Farmers in central Indiana digging trenches for various on-farm construction projects in the past week have reported the same thing- even in areas that received decent rainfall in October, dig down about 2-3 feet, and the soil becomes powder dry. Rains may come, but it will take several inches of water to turn things around.
What's noteworthy is that this is usually the time do year when soils recharge with moisture for next season. There are no growing plants to continually draw moisture out by evaporation and transpiration. Plus, physical soil processes are such that water that falls generally moves rather easily deeper into the subsoil. Jim Newman, retired ag climatologist, always rates November through fall and into early winter as the key time for soil moisture recharge in Indiana.
Unless the rainfall patterns switch quickly, that may not be a good sign for the next growing season. Newman contends that droughts are sometimes made in the off-season, not during the growing season.

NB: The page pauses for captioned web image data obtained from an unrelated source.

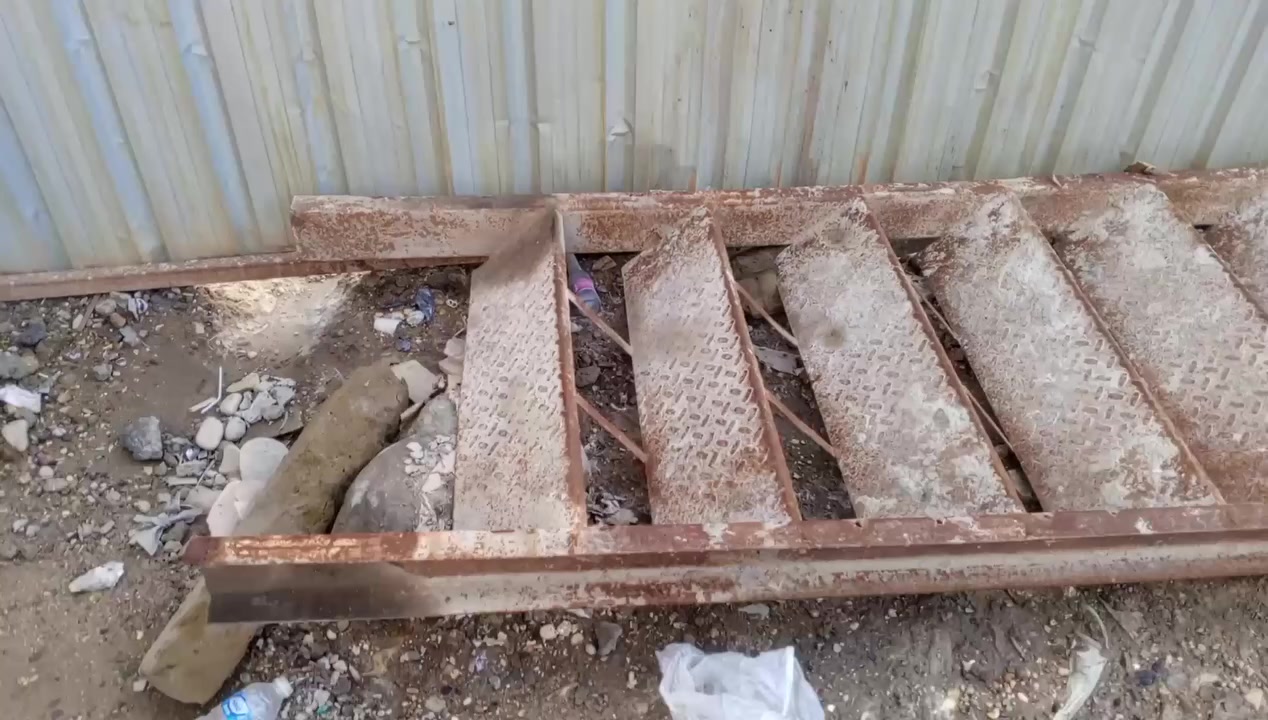 سلام عليكم اخوان عندي هاذا الدرج 13بايه والعرض مالته متر الي يحب يخابرني على هاذا الرقم /***********
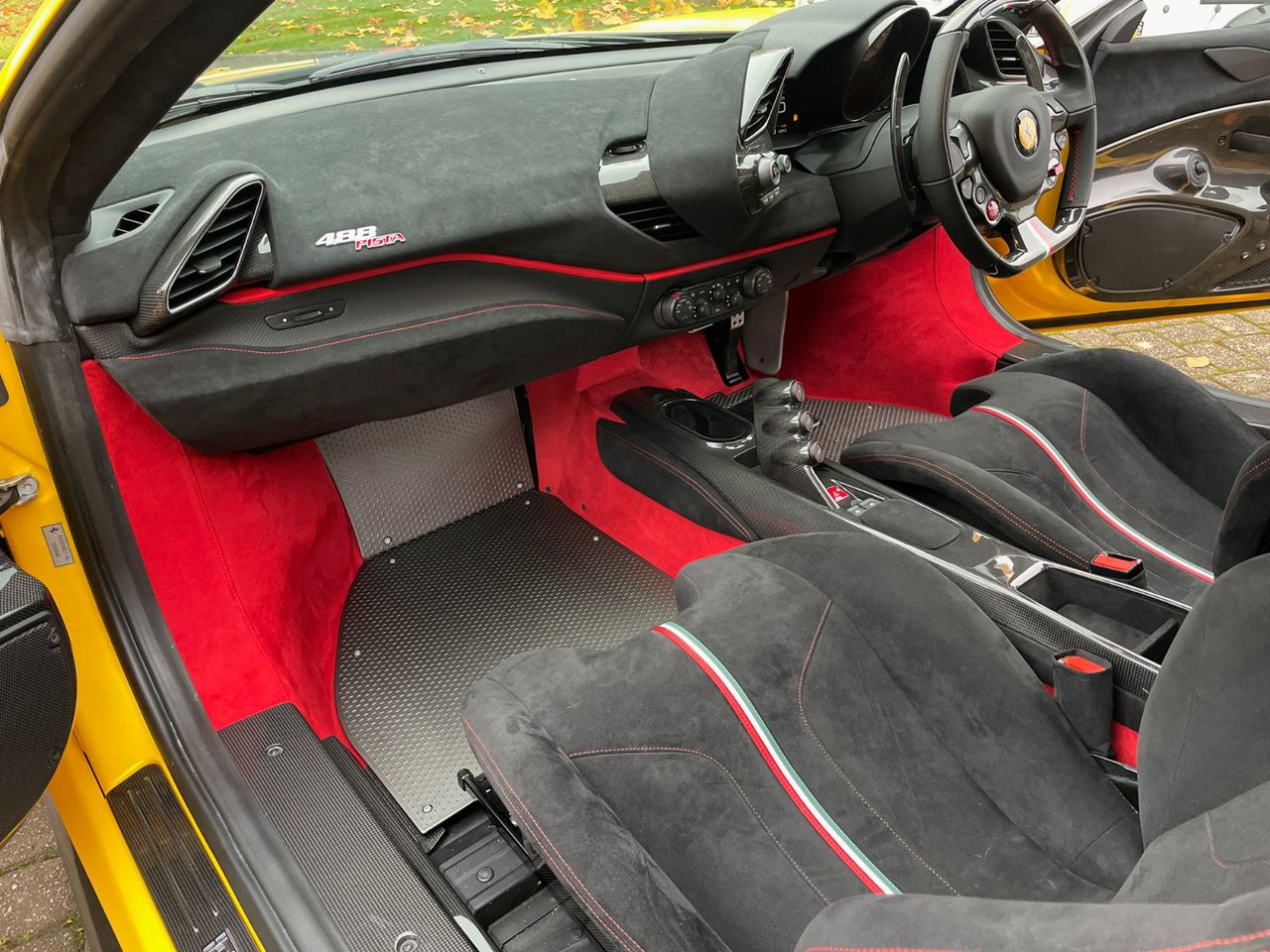 2019 FERRARI 488 PISTA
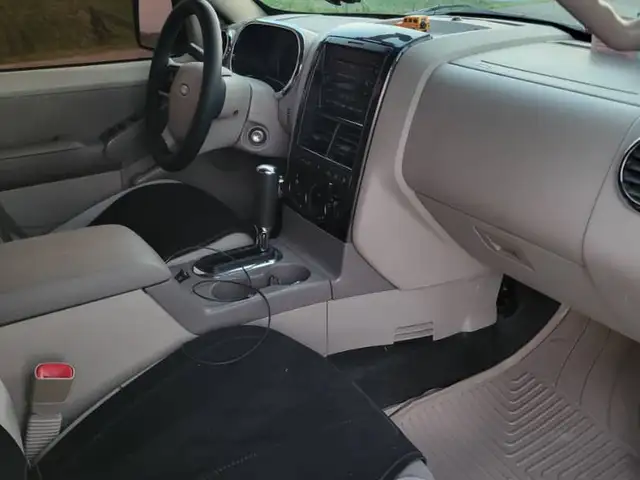 Ford Explorer 2008 - Выбор фото 3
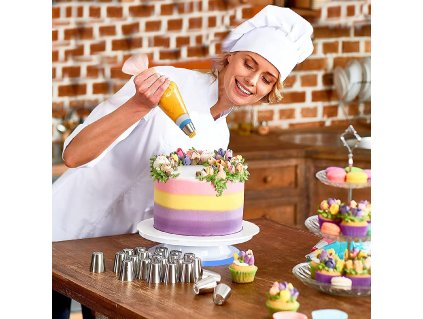 zdobici sada na dorty kyticky cupcakes dort dorty muffiny zdobeni dortu jak vytvorit kyticku z kremu nastavce na zdobici sacek kovove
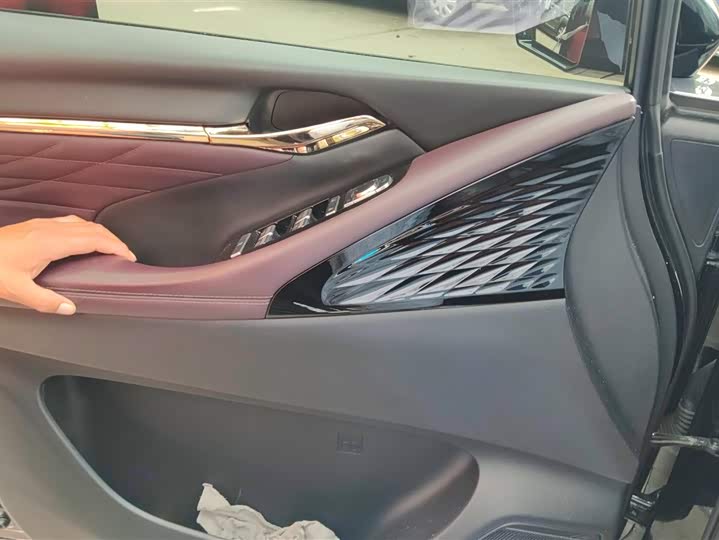 GAC Trumpchi M8 2024 2024款 大师系列 400T 至尊版
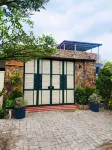 Your Home Villa - Near Sea - Airport. 五行山周辺のホテル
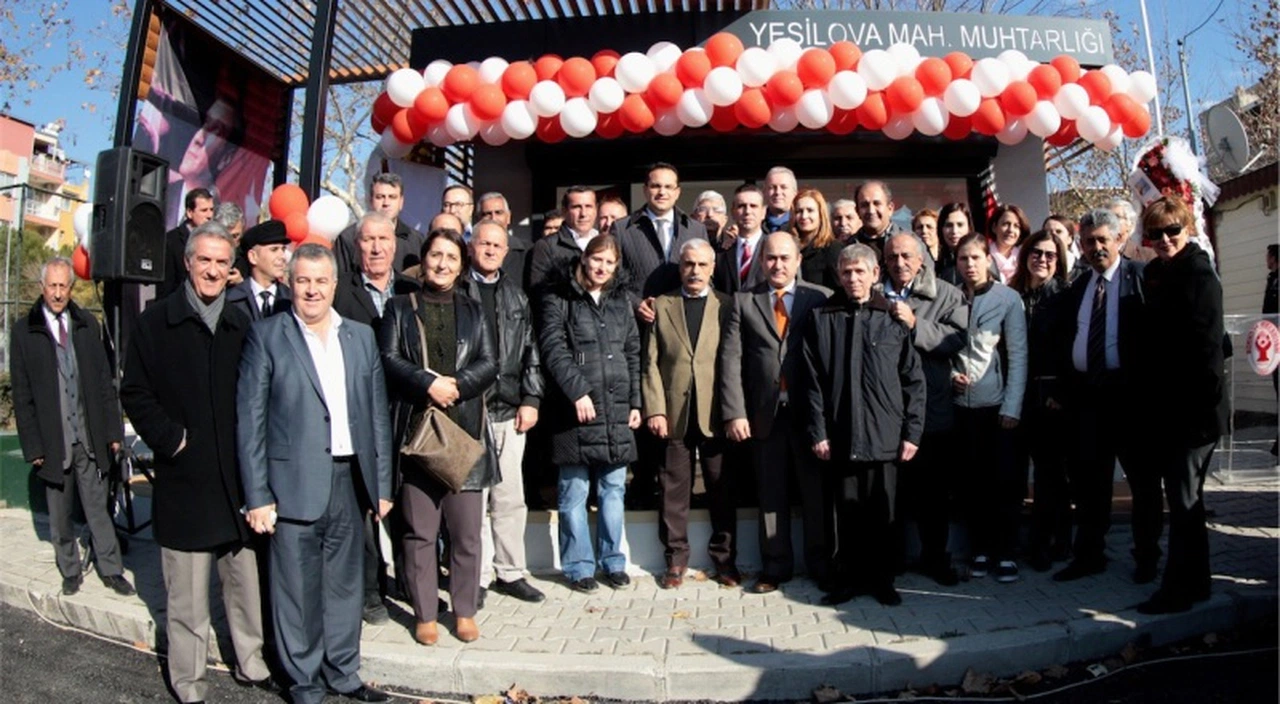 BORNOVA'DA YENİ MUHTARLIK BİNALARI HİZMETE GİRİYOR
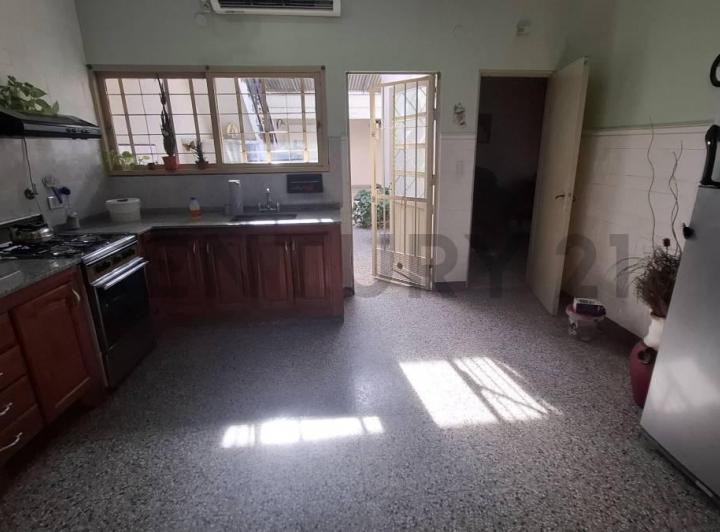 Casa · 135m² · 4 Ambientes · 2 Cocheras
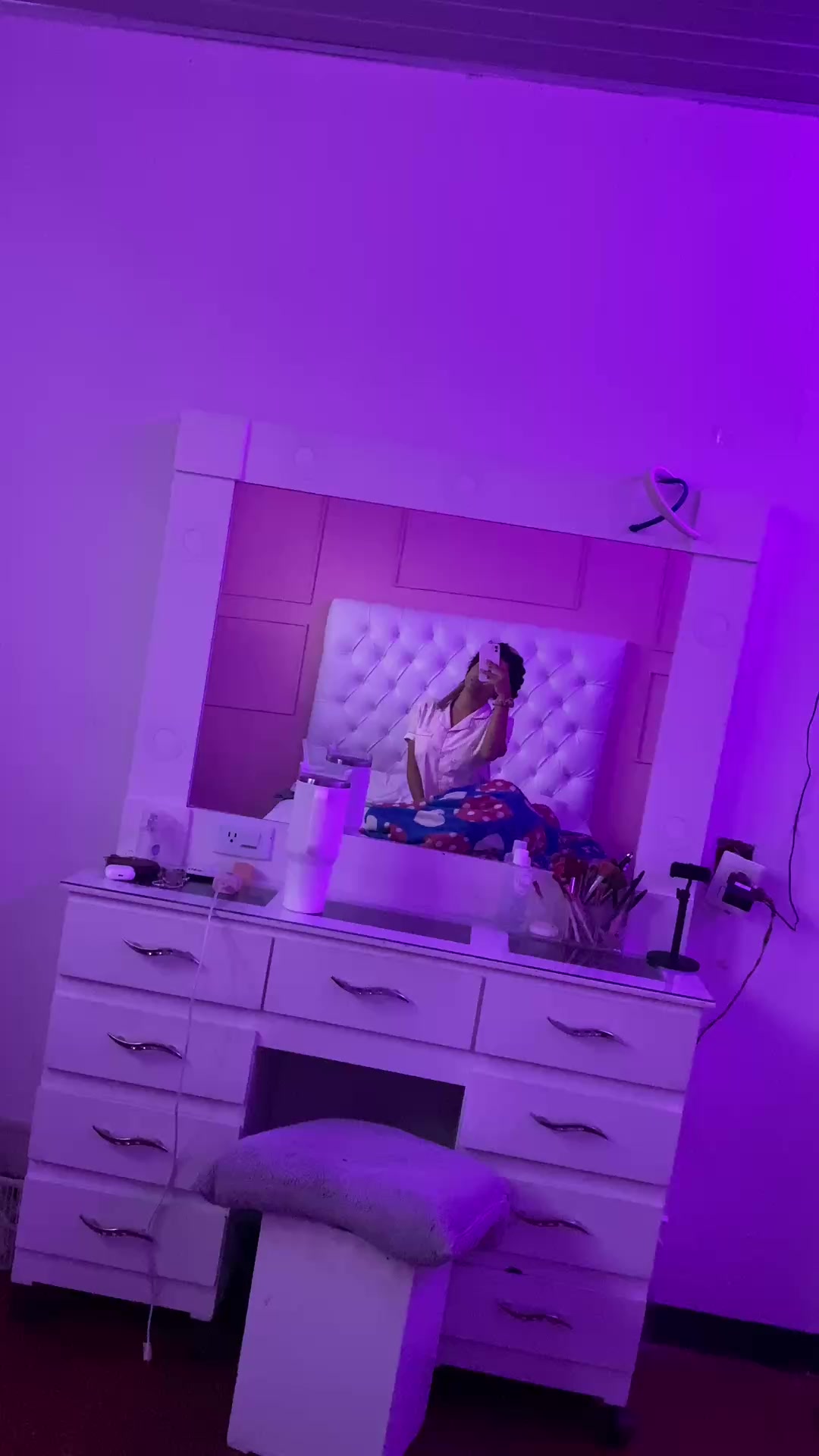 @Emi🪽
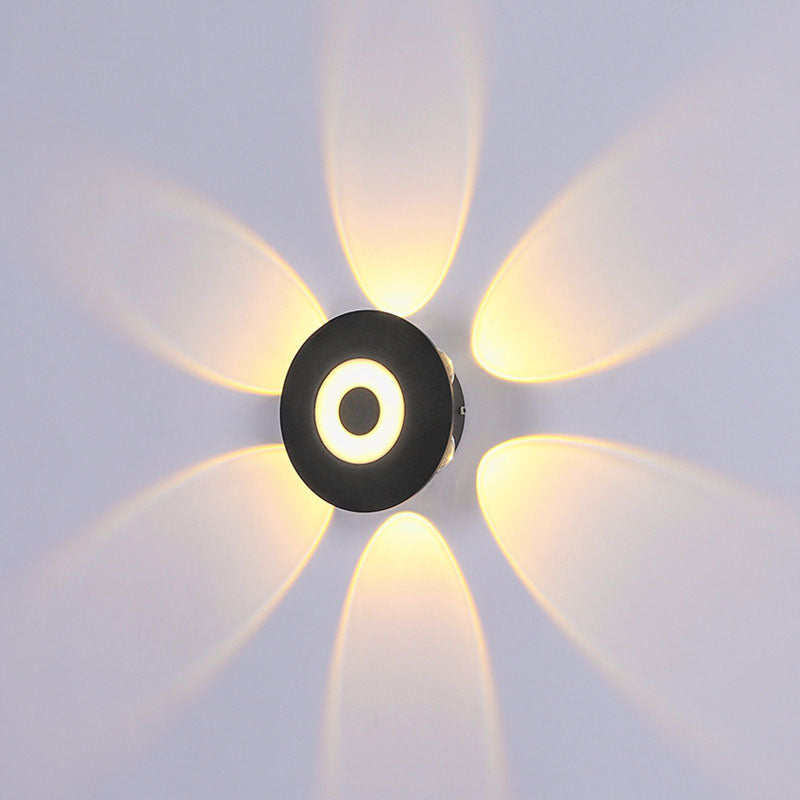 Zeitgenössische skandinavische Aluminium runde Schirm LED Wandleuchte für Außenpatio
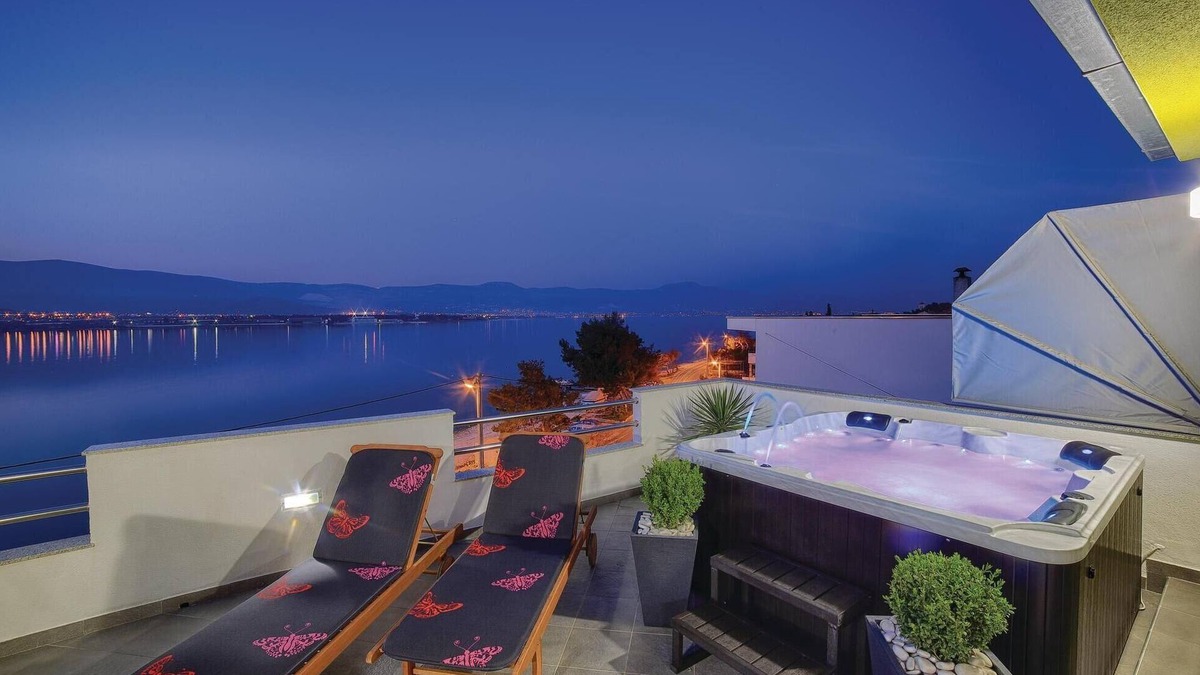 Municipality of Trogir Apartment | Cozy apartment in Trogir with sauna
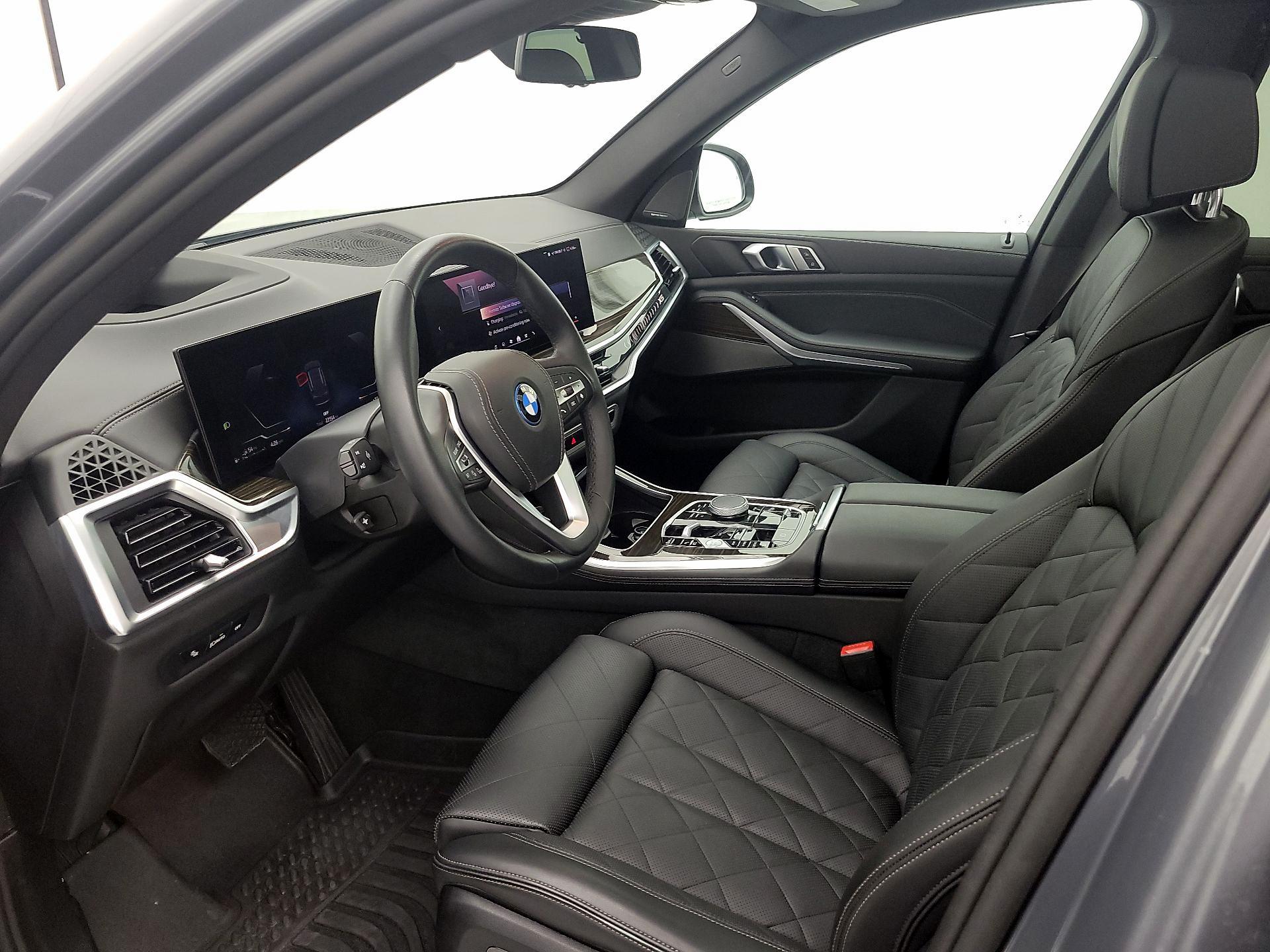 Thumbnail: 2024 BMW X5 - 11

What he means, of course, is that going into spring with subsoils not fully recharged sets up crops for damage from drought, even if rainfall isn't as short that season as it is in other seasons. You need not look any further back than 1988 for a classic example of what happens when soils aren't recharged, and spring is early, warm and dry. The result was one of Indiana's worst crop years- one that farmers still gauge dry weather today by.
Whether rain will come soon to turn this low moisture problem around soon or not is a 'wait and see' proposition. Obviously, there is plenty of time for ample rains. Even excessive rains, to fall before next growing season. But it's a factor that deserves watching as you prepare input and marketing plans for next season.